家の近所の、小さな病院を通りかかったとき
うわ、危な!と思い
駆け寄りそうになった。

入院患者さんが、車いすでスロープを登っていた。
目指すは病院の通用口。
後ろに転がり出したら大変。
転落するか、道路に飛び出すか、いずれにしても大怪我だ。

でも、押しに行っていいものか?
押してもらいたいだろうか?
ぜんぜん、わからない…

ともかく、ここに立っていたら
道路には飛び出していかないし、
転がり出したら、止められる
というところまで近づいて、見ていた。

それにしても、上手い。
車輪を手で回して坂を上ることはできないので
両手でスロープの手すりを伝いながら、両足を地に降ろして進んでいる。

これだけのことができる身体能力を持っていて
入院されているんだあ。
どこが悪いんだろう?と思ってしまう。

登り切ったよ。
すごい。

でも、ドアを開けないと。
押して入るのかな?
ちがった!引いて開けるんだ。

マズイ。
引いたとき、やっぱり後ろに転がり落ちるんじゃないか?

私、もっと近づいた。
背中を向けているので、私がいることに気付いていない。

いよいよ、駆け寄る場面か。

おっと、すごい!
左手は手すりを握ったまま、右手でドアノブを握り
車いすがぎりぎり通れるところまで引き寄せて
吸い込まれるように入っていった。

と同時に、ドアも、ガシャン。

なるほど。
寸分の狂いもなく、とは、こういうことだ。

改めて思う。
こんなに工夫が凝らされ、慣れていて、長けていて、
それを、車いすに乗ったこともない私が
押しましょう。

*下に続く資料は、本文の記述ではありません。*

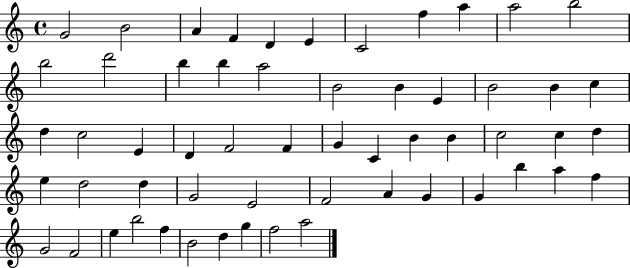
G4/h B4/h A4/q F4/q D4/q E4/q C4/h F5/q A5/q A5/h B5/h B5/h D6/h B5/q B5/q A5/h B4/h B4/q E4/q B4/h B4/q C5/q D5/q C5/h E4/q D4/q F4/h F4/q G4/q C4/q B4/q B4/q C5/h C5/q D5/q E5/q D5/h D5/q G4/h E4/h F4/h A4/q G4/q G4/q B5/q A5/q F5/q G4/h F4/h E5/q B5/h F5/q B4/h D5/q G5/q F5/h A5/h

助けましょう。
なんて、出る幕ないよな。

出て行き方って、ちょっと難しいと思う。
でも、無関心はいけないと思う。
助けが必要なときは、あるだろうし
本当に危険な目に遭うことも、あるだろう。

「赤ちゃんがおなかにいます」のマークをぶら下げてる人みたいに
「必要なときは何でもします」のマーク、ぶら下げたいわ。